» Task instructions: Only the lines from the opening of the material through the one containing "Ivy Manhattan | Noa s Tweed Jacket" should be reproduced, each exactly as it stands.

» Source data:
**********

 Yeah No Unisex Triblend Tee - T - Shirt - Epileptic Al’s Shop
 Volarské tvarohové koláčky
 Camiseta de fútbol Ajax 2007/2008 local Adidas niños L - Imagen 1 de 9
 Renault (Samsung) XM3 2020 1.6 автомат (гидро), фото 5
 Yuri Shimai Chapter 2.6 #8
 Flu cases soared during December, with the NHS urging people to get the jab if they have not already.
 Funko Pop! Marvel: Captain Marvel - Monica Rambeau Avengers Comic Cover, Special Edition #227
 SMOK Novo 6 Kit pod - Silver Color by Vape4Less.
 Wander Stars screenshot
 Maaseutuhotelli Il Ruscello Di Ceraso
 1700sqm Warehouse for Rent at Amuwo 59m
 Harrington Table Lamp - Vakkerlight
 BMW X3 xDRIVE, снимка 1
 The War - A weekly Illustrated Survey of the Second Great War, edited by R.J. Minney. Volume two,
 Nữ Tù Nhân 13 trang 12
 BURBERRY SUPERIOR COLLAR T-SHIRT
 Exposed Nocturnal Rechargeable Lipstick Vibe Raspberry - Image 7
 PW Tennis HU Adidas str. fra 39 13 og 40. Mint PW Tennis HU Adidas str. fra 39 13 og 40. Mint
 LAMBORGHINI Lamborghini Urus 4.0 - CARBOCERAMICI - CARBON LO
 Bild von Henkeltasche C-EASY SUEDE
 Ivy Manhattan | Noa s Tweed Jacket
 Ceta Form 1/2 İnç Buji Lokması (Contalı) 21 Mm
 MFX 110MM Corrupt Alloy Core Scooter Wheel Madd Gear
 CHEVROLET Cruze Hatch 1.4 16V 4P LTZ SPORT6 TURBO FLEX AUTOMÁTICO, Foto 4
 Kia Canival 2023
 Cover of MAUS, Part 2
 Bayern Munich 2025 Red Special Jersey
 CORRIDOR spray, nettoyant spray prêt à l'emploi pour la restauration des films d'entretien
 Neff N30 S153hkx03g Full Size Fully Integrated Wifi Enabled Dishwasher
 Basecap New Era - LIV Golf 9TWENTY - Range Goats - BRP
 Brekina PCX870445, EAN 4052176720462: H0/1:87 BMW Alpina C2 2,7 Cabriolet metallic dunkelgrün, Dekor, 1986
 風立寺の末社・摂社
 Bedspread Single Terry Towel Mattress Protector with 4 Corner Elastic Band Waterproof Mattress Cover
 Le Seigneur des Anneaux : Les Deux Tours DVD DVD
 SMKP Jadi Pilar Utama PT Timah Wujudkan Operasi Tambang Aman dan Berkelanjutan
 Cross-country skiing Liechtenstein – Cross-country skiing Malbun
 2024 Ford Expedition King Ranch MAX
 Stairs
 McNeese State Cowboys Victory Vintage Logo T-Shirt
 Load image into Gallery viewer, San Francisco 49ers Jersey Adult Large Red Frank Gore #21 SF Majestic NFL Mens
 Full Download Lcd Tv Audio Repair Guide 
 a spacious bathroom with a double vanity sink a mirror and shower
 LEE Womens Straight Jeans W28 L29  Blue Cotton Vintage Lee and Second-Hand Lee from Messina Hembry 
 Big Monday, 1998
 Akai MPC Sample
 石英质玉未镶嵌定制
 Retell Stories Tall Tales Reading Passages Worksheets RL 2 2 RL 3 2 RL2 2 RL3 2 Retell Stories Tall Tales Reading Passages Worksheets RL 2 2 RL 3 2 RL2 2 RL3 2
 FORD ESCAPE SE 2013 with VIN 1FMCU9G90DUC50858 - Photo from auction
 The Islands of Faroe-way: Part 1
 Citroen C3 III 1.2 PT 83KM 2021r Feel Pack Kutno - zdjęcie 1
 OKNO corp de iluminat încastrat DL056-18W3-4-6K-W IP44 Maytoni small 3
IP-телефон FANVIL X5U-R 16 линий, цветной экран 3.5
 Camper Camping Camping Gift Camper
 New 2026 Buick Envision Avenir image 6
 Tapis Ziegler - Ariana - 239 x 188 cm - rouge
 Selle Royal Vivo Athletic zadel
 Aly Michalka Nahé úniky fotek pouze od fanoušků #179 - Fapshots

**********

» Completed exercise:
 Yeah No Unisex Triblend Tee - T - Shirt - Epileptic Al’s Shop
 Volarské tvarohové koláčky
 Camiseta de fútbol Ajax 2007/2008 local Adidas niños L - Imagen 1 de 9
 Renault (Samsung) XM3 2020 1.6 автомат (гидро), фото 5
 Yuri Shimai Chapter 2.6 #8
 Flu cases soared during December, with the NHS urging people to get the jab if they have not already.
 Funko Pop! Marvel: Captain Marvel - Monica Rambeau Avengers Comic Cover, Special Edition #227
 SMOK Novo 6 Kit pod - Silver Color by Vape4Less.
 Wander Stars screenshot
 Maaseutuhotelli Il Ruscello Di Ceraso
 1700sqm Warehouse for Rent at Amuwo 59m
 Harrington Table Lamp - Vakkerlight
 BMW X3 xDRIVE, снимка 1
 The War - A weekly Illustrated Survey of the Second Great War, edited by R.J. Minney. Volume two,
 Nữ Tù Nhân 13 trang 12
 BURBERRY SUPERIOR COLLAR T-SHIRT
 Exposed Nocturnal Rechargeable Lipstick Vibe Raspberry - Image 7
 PW Tennis HU Adidas str. fra 39 13 og 40. Mint PW Tennis HU Adidas str. fra 39 13 og 40. Mint
 LAMBORGHINI Lamborghini Urus 4.0 - CARBOCERAMICI - CARBON LO
 Bild von Henkeltasche C-EASY SUEDE
 Ivy Manhattan | Noa s Tweed Jacket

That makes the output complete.